The lake was quite open to us to the Westward, and out of the channel of the river there was not more than four feet water, and in some places the depth did not exceed one foot. From the shallowness of the water it was impossible to coast to the Westward. At five o'clock we arrived at the island, and during the last fifteen miles, five feet was the deepest water. The lake now appeared to be covered with ice, for about two leagues distance, and no land ahead, so that we were prevented from proceeding in this direction by the ice, and the shallowness of the water along the shore.

We landed at the boundary of our voyage in this direction, and as soon as the tents were pitched I ordered the nets to be set, when I proceeded with the English chief to the highest part of the island, from which we discovered the solid ice, extending from the South-West by compass to the Eastward. As far as the eye could reach to the South-West-ward, we could dimly perceive a chain of mountains, stretching further to the North than the edge of the ice, at the distance of upwards of twenty leagues. To the Eastward we saw many islands, and in our progress we met with a considerable number of white partridges, now become brown. There were also flocks of very beautiful plovers, and I found the nest of one of them with four eggs. White owls, likewise, were among the inhabitants of the place: but the dead, as well as the living, demanded our attention, for we came to the grave of one of the natives, by which lay a bow, a paddle, and a spear.. The Indians informed me that they landed on a small island, about four leagues from hence, where they had seen the tracks of two men, that were quite fresh; they had also found a secret store of train oil, and several bones of white bears were scattered about the place where it was hid. The wind was now so high that it was impracticable for us to visit the nets.

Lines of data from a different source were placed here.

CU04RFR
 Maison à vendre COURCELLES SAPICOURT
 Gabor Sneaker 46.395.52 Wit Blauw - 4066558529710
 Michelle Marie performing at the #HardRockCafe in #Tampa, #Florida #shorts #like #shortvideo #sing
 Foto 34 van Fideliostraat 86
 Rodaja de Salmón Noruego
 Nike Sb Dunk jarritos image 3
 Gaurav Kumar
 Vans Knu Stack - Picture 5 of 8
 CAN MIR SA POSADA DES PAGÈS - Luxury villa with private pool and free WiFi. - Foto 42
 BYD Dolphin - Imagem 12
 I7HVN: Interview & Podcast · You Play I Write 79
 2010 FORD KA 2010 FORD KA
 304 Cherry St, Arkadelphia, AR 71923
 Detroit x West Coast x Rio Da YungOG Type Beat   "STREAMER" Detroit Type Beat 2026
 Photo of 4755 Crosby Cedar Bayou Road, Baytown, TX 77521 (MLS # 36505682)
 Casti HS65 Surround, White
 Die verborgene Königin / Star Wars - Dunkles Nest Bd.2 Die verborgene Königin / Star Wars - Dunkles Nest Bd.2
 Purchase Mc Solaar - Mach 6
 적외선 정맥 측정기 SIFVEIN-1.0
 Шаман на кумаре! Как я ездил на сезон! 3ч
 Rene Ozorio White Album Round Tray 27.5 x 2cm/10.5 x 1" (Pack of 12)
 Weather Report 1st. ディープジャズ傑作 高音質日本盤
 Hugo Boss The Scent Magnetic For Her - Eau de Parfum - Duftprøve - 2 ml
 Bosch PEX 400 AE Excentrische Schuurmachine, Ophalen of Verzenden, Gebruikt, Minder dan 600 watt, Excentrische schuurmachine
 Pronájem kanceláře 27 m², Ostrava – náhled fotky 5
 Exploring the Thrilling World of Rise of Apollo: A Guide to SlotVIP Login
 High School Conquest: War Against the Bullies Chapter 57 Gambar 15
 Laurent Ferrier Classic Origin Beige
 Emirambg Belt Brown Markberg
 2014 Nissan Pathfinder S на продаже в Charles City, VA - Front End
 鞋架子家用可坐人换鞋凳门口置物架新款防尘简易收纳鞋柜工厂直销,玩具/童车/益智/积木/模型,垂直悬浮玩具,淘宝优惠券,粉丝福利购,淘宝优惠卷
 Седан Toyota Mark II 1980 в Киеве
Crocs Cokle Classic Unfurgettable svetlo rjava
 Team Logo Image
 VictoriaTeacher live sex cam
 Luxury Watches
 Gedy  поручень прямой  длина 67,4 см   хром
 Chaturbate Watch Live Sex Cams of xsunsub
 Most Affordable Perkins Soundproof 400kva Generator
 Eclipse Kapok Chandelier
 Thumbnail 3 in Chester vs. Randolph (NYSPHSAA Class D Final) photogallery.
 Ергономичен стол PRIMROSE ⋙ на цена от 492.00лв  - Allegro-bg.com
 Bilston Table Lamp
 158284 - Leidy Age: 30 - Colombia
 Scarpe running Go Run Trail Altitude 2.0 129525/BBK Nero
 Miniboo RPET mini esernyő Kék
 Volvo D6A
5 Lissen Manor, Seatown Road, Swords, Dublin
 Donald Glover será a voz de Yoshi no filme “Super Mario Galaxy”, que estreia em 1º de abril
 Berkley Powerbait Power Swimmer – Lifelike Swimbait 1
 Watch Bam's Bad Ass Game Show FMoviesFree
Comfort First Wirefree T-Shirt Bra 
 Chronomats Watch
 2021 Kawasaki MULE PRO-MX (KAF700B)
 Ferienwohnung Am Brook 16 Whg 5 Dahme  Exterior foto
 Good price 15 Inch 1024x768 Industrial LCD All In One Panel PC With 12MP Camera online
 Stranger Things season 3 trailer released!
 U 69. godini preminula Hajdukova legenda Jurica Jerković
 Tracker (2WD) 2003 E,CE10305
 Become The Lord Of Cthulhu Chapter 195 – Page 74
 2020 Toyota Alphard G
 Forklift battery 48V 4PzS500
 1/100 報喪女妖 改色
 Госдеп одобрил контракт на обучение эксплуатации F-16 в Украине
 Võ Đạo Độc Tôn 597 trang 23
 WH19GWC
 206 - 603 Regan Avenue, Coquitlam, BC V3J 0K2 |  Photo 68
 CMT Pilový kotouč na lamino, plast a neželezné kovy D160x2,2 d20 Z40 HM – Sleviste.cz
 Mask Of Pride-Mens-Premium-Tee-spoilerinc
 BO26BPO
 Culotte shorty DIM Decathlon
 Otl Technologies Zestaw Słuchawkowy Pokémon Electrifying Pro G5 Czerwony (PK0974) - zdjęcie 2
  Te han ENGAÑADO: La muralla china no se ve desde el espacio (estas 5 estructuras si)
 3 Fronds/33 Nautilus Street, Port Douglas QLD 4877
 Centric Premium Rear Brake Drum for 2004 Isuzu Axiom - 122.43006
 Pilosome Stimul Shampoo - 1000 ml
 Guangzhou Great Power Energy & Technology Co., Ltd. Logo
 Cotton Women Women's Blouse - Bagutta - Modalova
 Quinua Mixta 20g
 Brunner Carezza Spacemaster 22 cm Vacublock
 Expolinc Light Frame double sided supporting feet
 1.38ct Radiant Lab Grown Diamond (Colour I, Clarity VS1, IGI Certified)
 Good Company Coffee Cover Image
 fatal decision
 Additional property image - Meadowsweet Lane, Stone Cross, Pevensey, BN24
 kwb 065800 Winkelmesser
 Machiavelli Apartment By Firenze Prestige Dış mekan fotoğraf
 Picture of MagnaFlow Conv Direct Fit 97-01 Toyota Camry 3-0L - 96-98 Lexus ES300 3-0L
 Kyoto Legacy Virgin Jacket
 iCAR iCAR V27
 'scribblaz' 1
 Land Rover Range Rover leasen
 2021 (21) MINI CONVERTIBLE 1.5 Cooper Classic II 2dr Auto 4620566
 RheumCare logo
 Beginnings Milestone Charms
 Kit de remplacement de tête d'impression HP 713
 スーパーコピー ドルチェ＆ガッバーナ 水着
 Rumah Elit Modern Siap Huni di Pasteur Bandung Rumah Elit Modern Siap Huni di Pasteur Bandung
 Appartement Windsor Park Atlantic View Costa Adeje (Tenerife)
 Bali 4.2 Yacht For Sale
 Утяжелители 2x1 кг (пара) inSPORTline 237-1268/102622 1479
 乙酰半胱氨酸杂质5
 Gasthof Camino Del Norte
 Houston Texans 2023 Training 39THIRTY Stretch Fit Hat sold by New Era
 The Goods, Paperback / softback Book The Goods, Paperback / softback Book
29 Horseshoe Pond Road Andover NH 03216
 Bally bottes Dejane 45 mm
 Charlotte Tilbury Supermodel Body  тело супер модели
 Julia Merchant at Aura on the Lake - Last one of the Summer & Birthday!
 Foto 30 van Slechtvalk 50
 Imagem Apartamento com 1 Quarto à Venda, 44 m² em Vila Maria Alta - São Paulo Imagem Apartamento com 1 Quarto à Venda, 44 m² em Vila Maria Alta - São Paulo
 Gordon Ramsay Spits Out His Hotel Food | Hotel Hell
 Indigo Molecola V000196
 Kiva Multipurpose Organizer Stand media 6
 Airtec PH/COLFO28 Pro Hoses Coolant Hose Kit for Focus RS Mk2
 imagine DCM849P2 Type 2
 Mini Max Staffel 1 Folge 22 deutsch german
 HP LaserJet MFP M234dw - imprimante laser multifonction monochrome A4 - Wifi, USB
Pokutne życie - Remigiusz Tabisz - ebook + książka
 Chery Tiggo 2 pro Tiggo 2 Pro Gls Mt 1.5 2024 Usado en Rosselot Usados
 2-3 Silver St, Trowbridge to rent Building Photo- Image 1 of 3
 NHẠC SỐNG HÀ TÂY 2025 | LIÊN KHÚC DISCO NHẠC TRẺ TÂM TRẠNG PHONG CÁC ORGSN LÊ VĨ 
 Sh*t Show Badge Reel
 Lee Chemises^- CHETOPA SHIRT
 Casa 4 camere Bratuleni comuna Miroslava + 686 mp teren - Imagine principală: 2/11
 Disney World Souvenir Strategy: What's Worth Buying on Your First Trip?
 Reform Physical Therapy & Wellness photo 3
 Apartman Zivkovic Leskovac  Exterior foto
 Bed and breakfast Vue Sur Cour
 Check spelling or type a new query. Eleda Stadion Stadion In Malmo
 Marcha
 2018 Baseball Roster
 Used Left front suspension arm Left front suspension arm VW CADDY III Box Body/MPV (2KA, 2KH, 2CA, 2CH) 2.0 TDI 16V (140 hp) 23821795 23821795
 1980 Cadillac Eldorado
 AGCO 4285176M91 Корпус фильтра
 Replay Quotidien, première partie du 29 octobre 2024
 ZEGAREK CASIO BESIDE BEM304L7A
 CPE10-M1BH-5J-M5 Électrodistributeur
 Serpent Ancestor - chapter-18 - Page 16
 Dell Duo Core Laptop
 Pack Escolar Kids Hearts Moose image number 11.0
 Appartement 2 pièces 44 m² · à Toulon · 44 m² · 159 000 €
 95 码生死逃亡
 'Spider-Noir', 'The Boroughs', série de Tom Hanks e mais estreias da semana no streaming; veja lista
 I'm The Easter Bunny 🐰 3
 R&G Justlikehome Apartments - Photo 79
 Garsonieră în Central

My people could not, at this time, refrain from expressions of real concern, that they were obliged to return without reaching the sea: indeed, the hope of attaining this object encouraged them to bear, without repining, the hardships of our unremitting voyage. For some time past their spirits were animated by the expectation that another day would bring them to the Mer d' ouest: and even in our present situation they declared their readiness to follow me wherever I should be pleased to lead them. We saw several large white gulls, and other birds, whose back, and upper feathers of the wing are brown; and whose belly, and under feathers of the wing are white.